Home gardens have traditionally been grown by first-generation Italian immigrants. While most people, when they think of gardening Italians, recall Vito Corleone dropping dead in his Long Island yard, many other humbler Italians also tilled the soil of their yards. For example, my great-grandfather the unsuccessful wine-maker had what my mother remembered as a "farm" in the Bronx of the 1930's. My father's mother had a large garden in her house in Elmont, although I tend not to believe my sister's claim that grandma raised goats; I don't think this would have popular with the neighbors in Elmont in the 1960's. My neighbor in Astoria was able to be self-sufficent from his produce from his two yards. Italians in Glendale, Middle Village, and Canarsie and Bensonhurst all had patches with tomatos, zucchini, and basil.
Pellegrini viewed his yard not as something to be turned into green turf, or cemented over for additional parking space, but as fertile land that could be used to feed his family. He turned twenty-five hundred square feet of spce into a vegetable garden. In addition to a ffifty artichoke plants and a fifty-foot row of raspberries, he also had:
"sixteen blueberry bushes, three peach trees, a plum, an apple, a fig, and a pear. There are also about a hundred strawberry plants. ...The fruit trees and berry bushes provide thefamily with fruit for the year. What is not eaten in season is frozen or otherwise preserved for the winter. We can also give an occasional basket to our good friends."
He also has herbs, flowers and decorative shrubs, and two thousand square feet of lawn for his children to play on.
Fortunately for Pellegrini, he lived in a Seattle suburb. While Seattle has gentrified considerably since the early 1990's, there were still many ungentrified neighborhoods prior to the twenty-first century. My neighbors in Ballard, for example, had moved to the US from Finland and regularly used the smokehouse they build in their backyard. My neighbors in Queen Anne were horticulturalists who grew drought-resistant plants in their yard and fennel for their rabbits. The only plants the city cracked down on were marijuana and opium poppies.

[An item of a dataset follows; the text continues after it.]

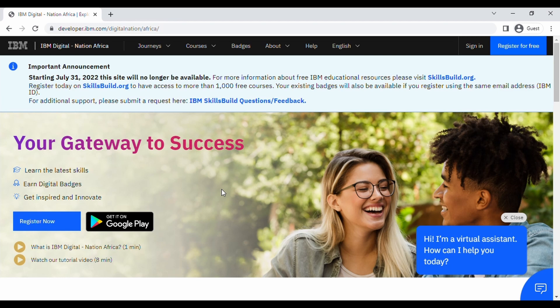To continue this series, I will still be doing IBM Digital Nation. However, there's an important announcement on the website that says starting July 31st, the site will no longer be available. So for free resources, you have to go to skillsbuild.org. Take note: this video is recorded prior to the inaccessibility, so if you are viewing this after July 31st, go to skillsbuild.org.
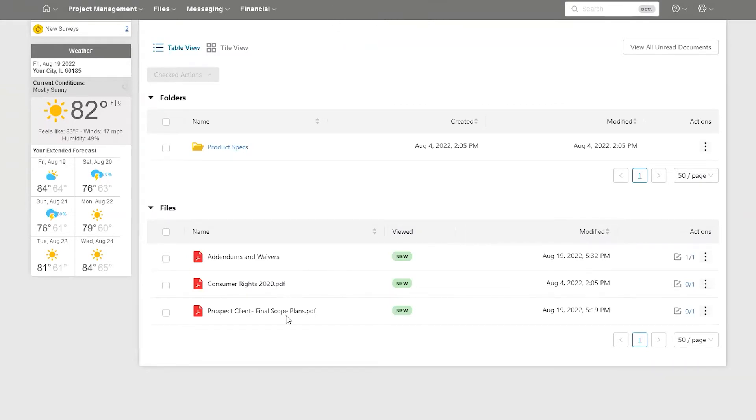Do the same thing for these other two documents. Submit the signatures and you're all ready to go.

Cities in the rest of the country were less flexible. By the mid-1980's, most of my neighbors on Long Island had gardeners, regularly spread chemicals on their lawns, and confined their shrubbery to evergreens pruned in the shape of corkscrews. They would not have welcomed a neighbor who ploughed up his lawn to plant messy fruit trees and plebian vegetables. My parents had a huge apple tree in their yard, but we never ate the apples. Pellegrini would have turned them into apple sauce and pies.
While there is a new move towards urban farms, particularly in NYC and Detroit, there are also areas where farming is not popular with the neighbors. Fruit trees attract messy birds and rodents. Gardens fallow in winter look like big plots of mud. Rabbits kept in hutches to fatten them before eating would prompt a call to Animal Control. In fact, NYC actually had to amend its zoning law becuase people were completely paving over their front yards to create parking spots, and the resultant runoff was flooding streets and houses.
Pellegrini's other book, such as the Food Lover's Garden, emphasize the joys of growing your own produce and eating homegrown food. He thinks this helps him to lead a balanced life of both the head and the body, as well as an aesthetically pleasing one. He and his fellow Italian immigrants already know the benefits or exercise, a physical connection to the earth, and a healthy diet.